>>

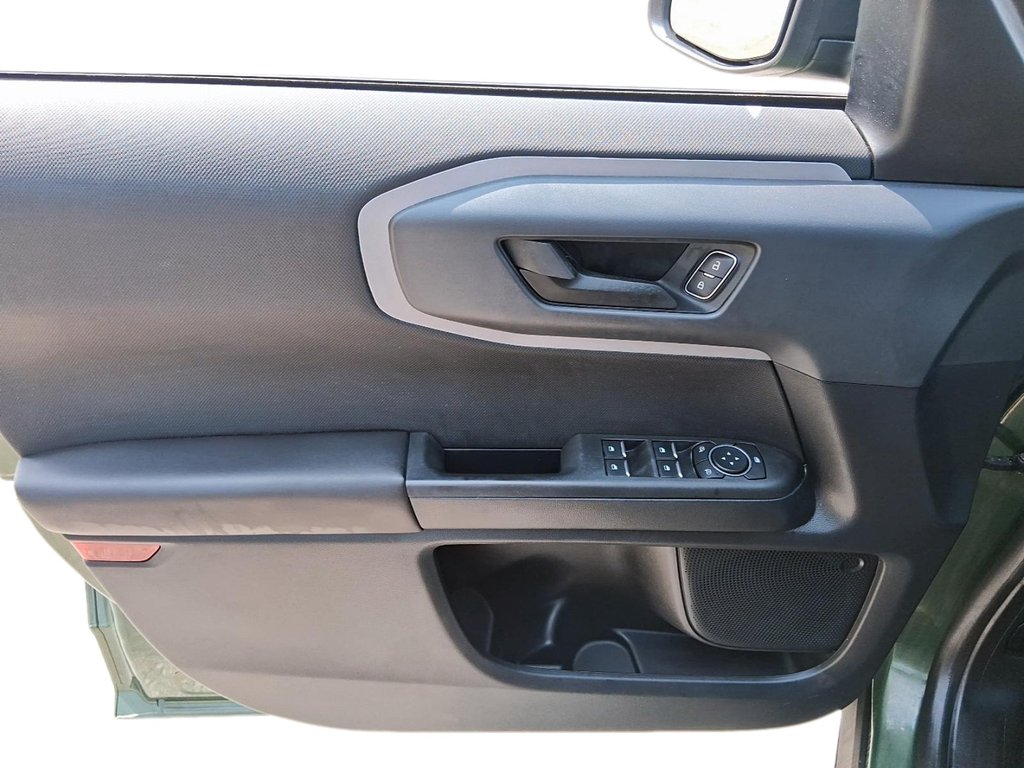 2024 Ford Bronco Sport Big Bend 4x4 in Stratford, Ontario - 11 - w1024h768px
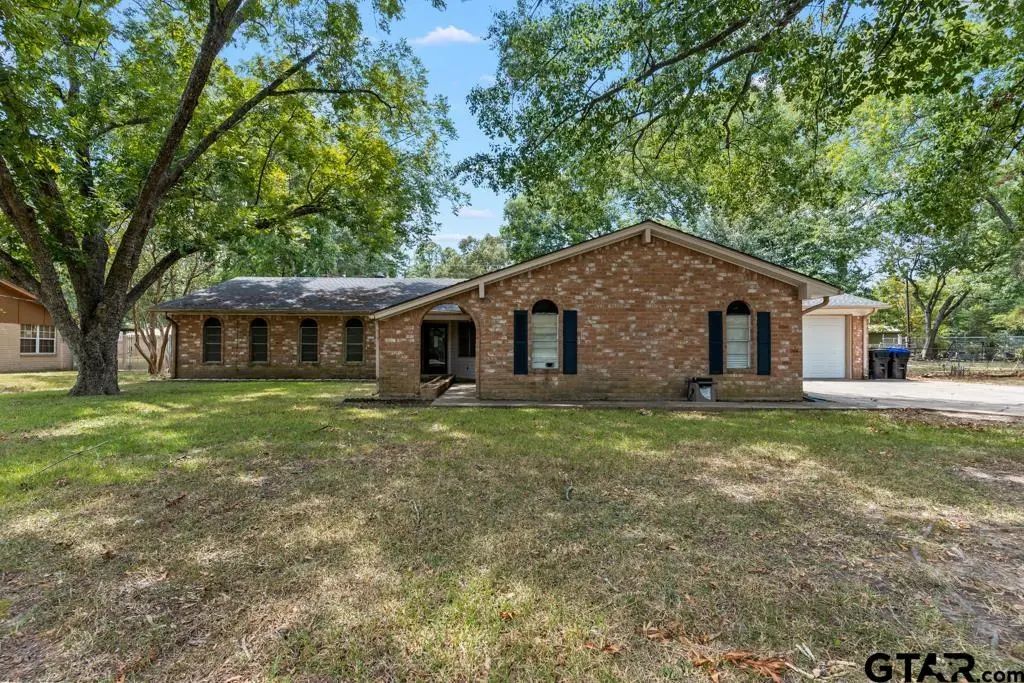 2975 Lynn Drive, Longview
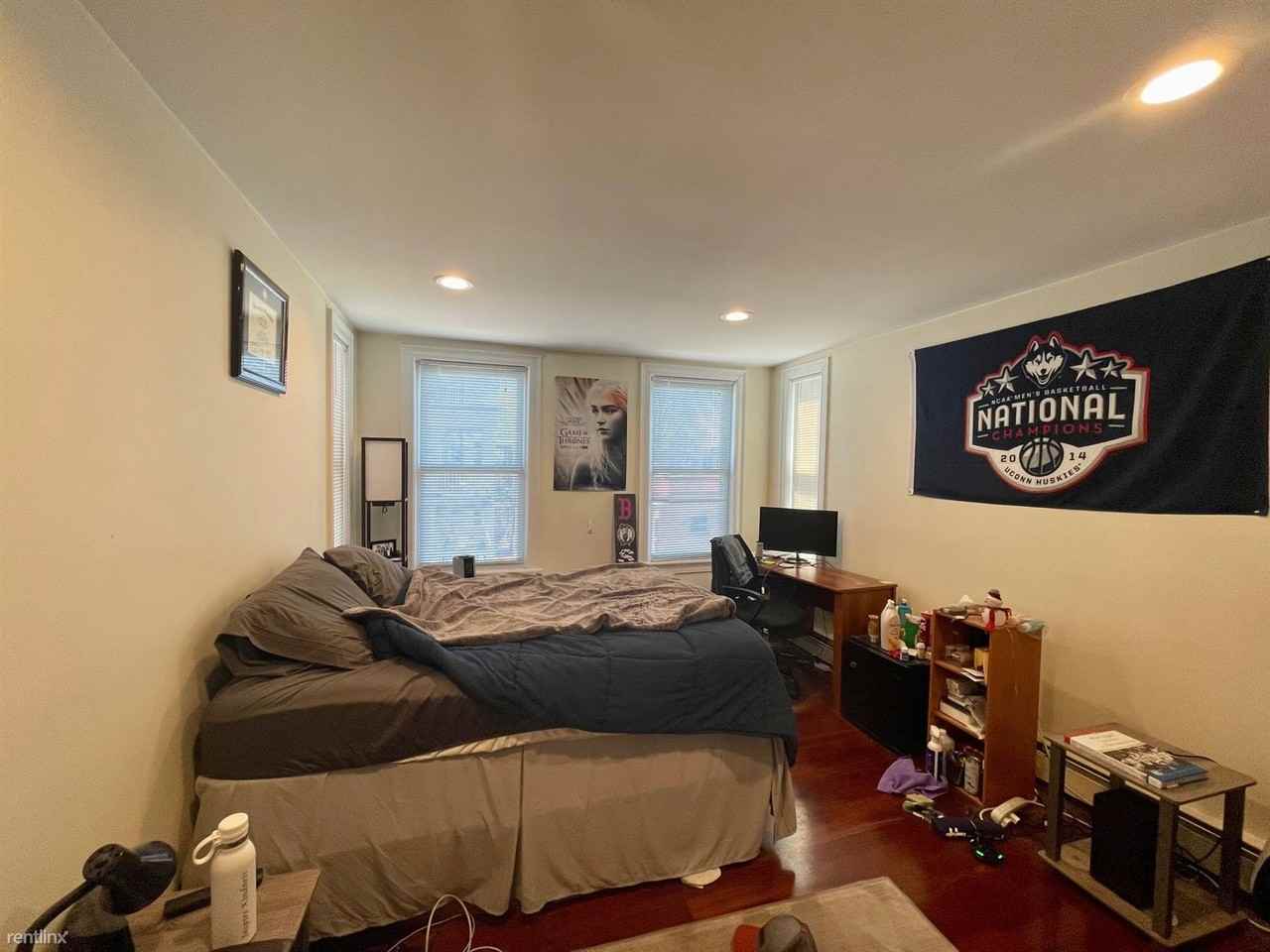 143 L St - Photo 3 of 12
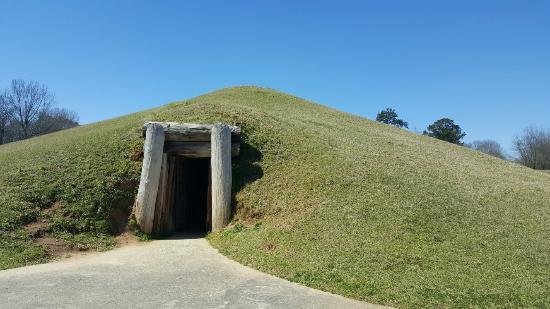 Ocmulgee National Monument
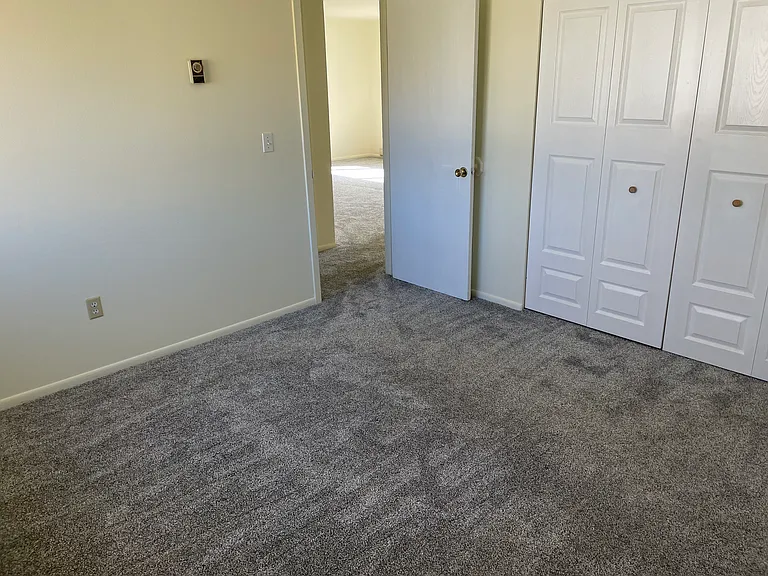 260 Honeysuckle St #2 — Photo 5
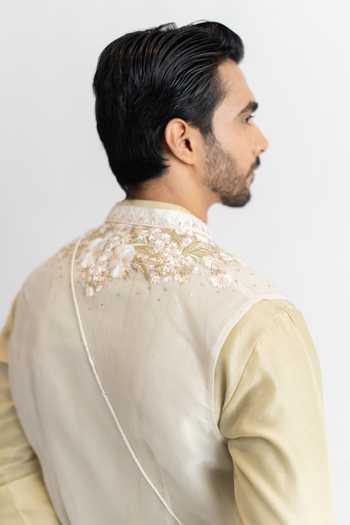 Wabi Sabi By Anshum-Ritesh Green Silk, Organza Bela Chameli Embroidered Bundi Set Online at Aza Fashions Wabi Sabi By Anshum-Ritesh_Green Silk, Organza Bela Chameli Embroidered Bundi Set _Online_at_Aza_Fashions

<<

**What you have to do**
The lines needed are those from the one containing "260 Honeysuckle St #2 — Photo 5" through the end of the listing, given again word for word and without any picture.

**Response area**
 260 Honeysuckle St #2 — Photo 5
 Wabi Sabi By Anshum-Ritesh Green Silk, Organza Bela Chameli Embroidered Bundi Set Online at Aza Fashions Wabi Sabi By Anshum-Ritesh_Green Silk, Organza Bela Chameli Embroidered Bundi Set _Online_at_Aza_Fashions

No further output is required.